Kentucky GOP Sen. Rand Paul's decision to blame Republican hawks for the rise of the Islamic State (ISIS) was misguided and ill-advised, said
The Wall Street Journal.
In an editorial Wednesday, the newspaper called out the presidential candidate for the comments he made, saying he may have been an attempting to "deflect attention from his own misjudgments."
Paul had
told MSNBC's "Morning Joe" on Wednesday that "ISIS exists and grew stronger because of the hawks in our party who gave arms indiscriminately, and most of those arms were snatched up by ISIS. These hawks also wanted to bomb Assad, which would have made ISIS's job even easier. They've created these people."

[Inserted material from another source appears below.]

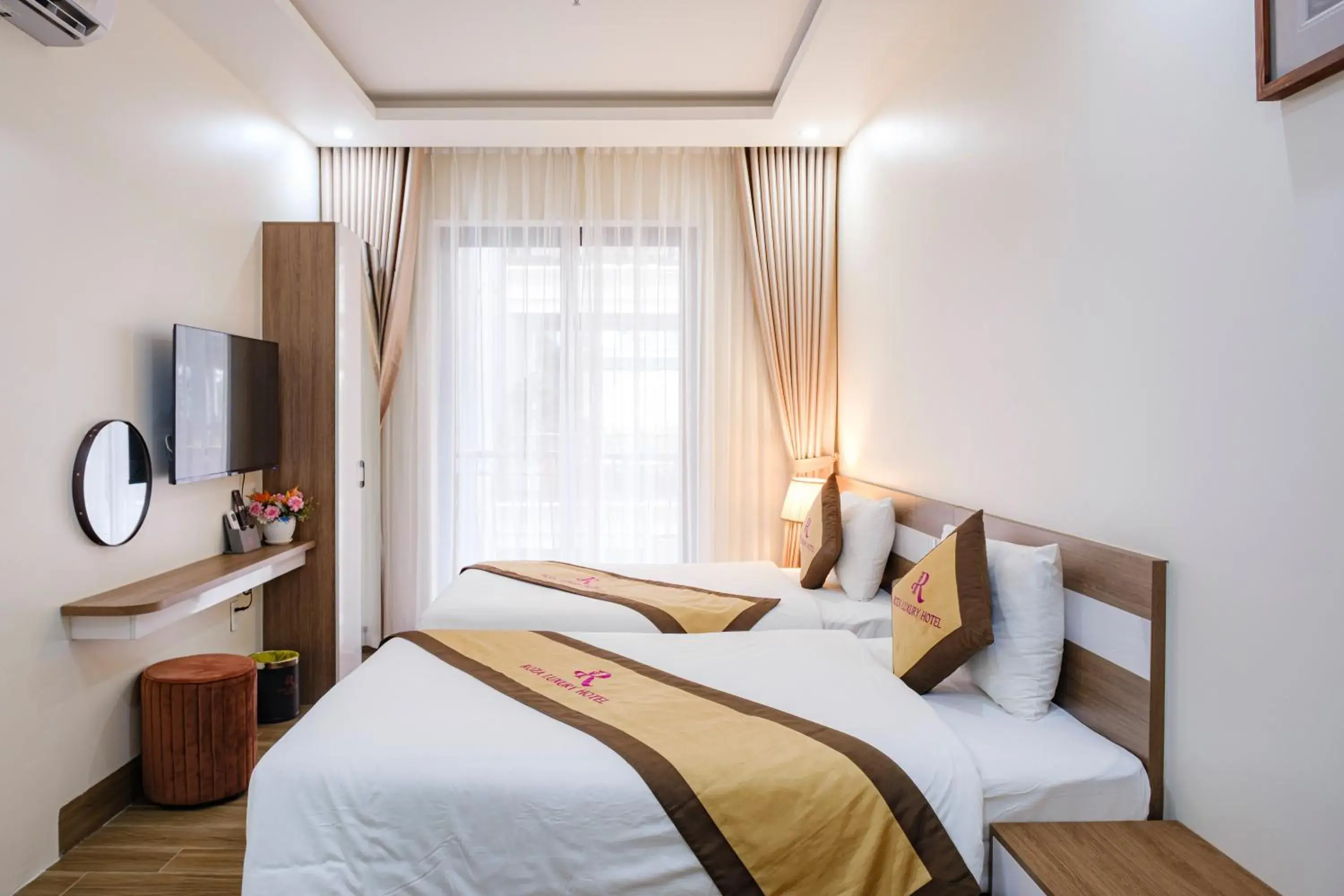 Bed in Roza Palace Cat Ba Bed in Roza Palace Cat Ba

"An aide might want to remind Senator Paul which party's nomination he is seeking. Republicans who begin their campaigns assailing other Republicans rarely succeed — especially when the accusation is culpability for a would-be caliphate that uses executions, slavery, extortion, rape, and general terror to enforce oppression in the Middle East and North Africa, and whose ideology inspires jihadists world-wide," the Journal said.
The Journal added that even President Barack Obama largely avoids blaming former President George W. Bush for the world's problems.

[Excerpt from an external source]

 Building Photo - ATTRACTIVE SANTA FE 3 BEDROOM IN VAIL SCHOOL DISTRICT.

"In Mr. Obama's second term, the U.S. has largely followed Mr. Paul's foreign-affairs preferences to the letter, and the result has been more chaos and disorder," the Journal wrote.
The Journal said that the origins of the Islamic State are al-Qaida in Iraq, and the security vacuum left by Obama in Iraq after the withdrawal. The rise of Islamic State was also assisted by the civil war in Syria and Obama's refusal to aid the rebels.
It was also Paul's opposition to intervention in Syria that is partly to blame for Obama's decision not to intervene, the Journal said.
"Mr. Paul seems to think he can win the GOP nomination on an anti-interventionist platform, though we think he'd be better off focusing on his domestic agenda," the Journal said.
"But if he wants to run as an Obama Republican on foreign policy, he shouldn't also adopt the Obama trick of rewriting history. It reflects poorly on his judgment as a potential Commander in Chief."